Geometric and radiometric corrections
Geometry to the rescue!
The images acquired by Earth observation systems cannot be transferred to maps as is, because they are geometrically distorted. These distortions are due to errors in the satellite’s positioning on its orbit, the fact that the Earth is turning on its axis as the image is being recorded, the effects of relief, etc. They are amplified even more by the fact that some satellites take oblique images.
Some distortions, such as the effects of the Earth’s rotation and camera angles, are predictable. They thus can be calculated and correction values applied systematically. Satellites also have sophisticated on-board systems to record very slight movements affecting the satellite. This information is used mainly to correct the satellite’s position (when this is necessary), but can also be used to correct the images geometrically.
The producers of satellite images generally propose applying the most elementary corrections based on the satellite’s known information. So, in the case of SPOT images it is possible to buy geometrically uncorrected images (‘level 1A’ images). However, a large number of users work with images in which the distortions have been corrected systematically (‘level 1B’ images).
These corrections can be made without any special knowledge of the terrain. The accuracy of locations in these SPOT images is of the order of 500m.
To improve the precision of the corrections, reference points or Ground Controle Points, GCP (identified on a topographical map or in the field by GPS) must be available. The SPOT images that have been corrected in this way are accurate to approximately 50m and the data that they contain may be presented on a given map projection, meaning that the images are superimposable on a map.

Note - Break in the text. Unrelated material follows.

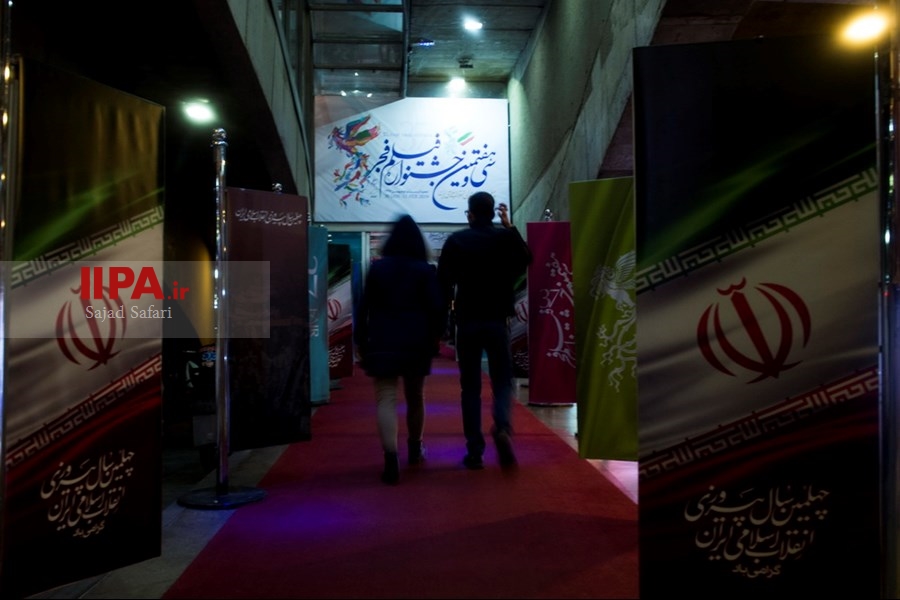   سی و هفتمین جشنواره فیلم فجر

In very mountainous areas considerable distortion is caused by the parallaxes generated by the terrain, especially when the images were recorded from an oblique view. On the graph on the left point A corresponds to the position of the mountain peak on a map whereas point B corresponds to the image of the mountain peak as seen by the satellite. The distance A-B is the parallax generated by the difference in elevation. To correct these distortions one must have a digital model of the terrain, that is, a computer file giving the physical elevation of each pixel in the image. As a rule, it is considered that satellite images can be corrected under ideal conditions in such a way that the distortions do not exceed the size of a pixel (10m for a SPOT P image), but, if truth be told, these ideal conditions are rarely seen.
An ideal Earth observation system should be equipped with a perfect spectro-radiometer that can measure accurately and uniformly the amount of energy that is reflected by objects located on the Earth’s surface.
Unfortunately, the sunlight that illuminates objects is perturbed by its passage through the atmosphere and does not hit all objects at the same angle.
What is more, the light that is reflected by the objects must also cross the atmosphere before being analysed by the satellite’s sensors, and this journey also perturbs the signal.
These perturbations are due to the presence of gases and dust that can absorb and/or reflect specific wavelengths, thereby changing the radiation’s spectral properties.
What is more, the electronic processing of the rays that reach the sensors is also accompanied by some perturbations. Consequently, it is actually rather difficult to get accurate radiometric values from the data recorded by Earth-observing satellites. Now, it is sometimes very useful to be able to calibrate these data precisely, for example to compare the data recorded by different satellites or recorded by the same satellite at different times, and several solutions do exist to try to overcome these flaws. Some of them are based on complex mathematical models that describe the main interactions involved.
These models are effective. However, to apply them the values of certain parameters (i.e. the atmospheric composition) when and where the pictures are taken must be known, and this is seldom possible.
Other radiometric correction methods are based on the observation of reference targets whose radiometry is known. The surfaces of bodies of water, glacial ice caps, and expanses of desert sand are often used, but here too you can understand that actually making the corrections often is not that easy. In fact, the overwhelming majority of remote sensing research uses radiometrically uncorrected data.